William C. Brown, the leading authority on wireless power transmission technology, has loaned this demonstration unit to the Texas Space Grant Consortium to show how power can be transfered through free space by microwaves. A block diagram of the demonstration components is shown below. The primary components include a microwave source, a transmitting antenna, and a receiving rectenna.
The microwave source consists of a microwave oven magnetron with electronics to control the output power. The output microwave power ranges from 50 W to 200 W at 2.45 GHz. A coaxial cable connects the output of the microwave source to a coax-to-waveguide adapter. This adapter is connected to a waveguide ferrite circulator which protects the microwave source from reflected power. The circulator is connected to a tuning waveguide section to match the waveguide impedance to the antenna input impedance.
The slotted waveguide antenna consists of 8 waveguide sections with 8 slots on each section. These 64 slots radiate the power uniformly through free space to the rectenna. The slotted waveguide antenna is ideal for power transmission because of its high aperture efficiency (> 95%) and high power handling capability.

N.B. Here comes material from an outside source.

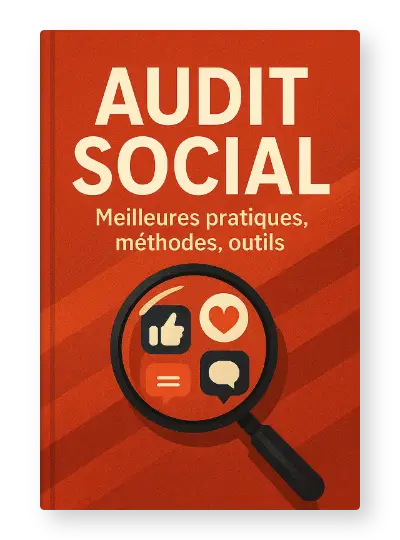 Audit social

A rectifying antenna called a rectenna receives the transmitted power and converts the microwave power to direct current (DC) power. This demonstration rectenna consists of 6 rows of dipoles antennas where 8 dipoles belong to each row. Each row is connected to a rectifying circuit which consists of low pass filters and a rectifier. The rectifier is a GaAs Schottky barrier diode that is impedance matched to the dipoles by a low pass filter. The 6 rectifying diodes are connected to light bulbs for indicating that the power is received. The light bulbs also dissipated the received power. This rectenna has a 25% collection and conversion efficiency, but rectennas have been tested with greater than 90% efficiency at 2.45 GHz.